STK++ 0.9.13
Clustering: How to add new mixture models (Part 1)

Introduction

This tutorial will show how to add a mixture model to STK++.

The design pattern of the Clustering project is based on the idea of plugin so that you can add your own mixture model to the architecture without many effort. If you want a better integration of your mixture model to the library, the Clustering project proposes a set of interface classes with predefined behavior that can be used at your convenience.

In short, the main Interface to derive is the IMixture class. This class is well documented and pure virtual methods to implement are self explaining. The class MixtureComposer estimates the mixture model using only pointers on this interface.

It is thus possible to implement and integrate mixture models to the project with many freedom. However, if you want a closer integration of the mixture model to the Clustering project, it can be convenient to use general design pattern adopted by the project and to implement the Interface classes furnished.

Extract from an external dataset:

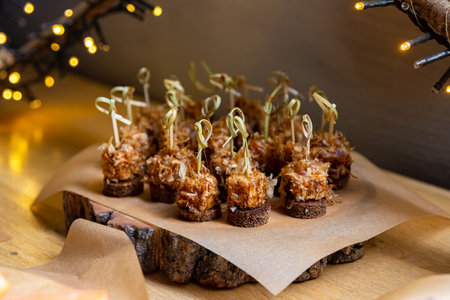 Canapes with tuna and tuna shavings on a rye bread all together with skewers on a wooden boardの写真素材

This tutorial will describe step by step how to integrate new models to the project Clustering.

About Mixture Models

A mixture model on some subset $ J\subset \mathbb{R}^d $ is a density of the form

\[
    f(\mathbf{x}|\boldsymbol{\theta})
    = \sum_{k=1}^K p_k f(\mathbf{x};\boldsymbol{\lambda}_k,\boldsymbol{\alpha})
    \quad \mathbf{x} \in J.
\]

The $ p_k > 0$ with $ \sum_{k=1}^K p_k =1$ are the mixing proportions. The density f is called the component of the model. The parameters $\boldsymbol{\lambda}_k, \, k=1,\ldots K $ are the cluster specific parameters and the parameters $ \boldsymbol{\alpha} $ are the shared parameters.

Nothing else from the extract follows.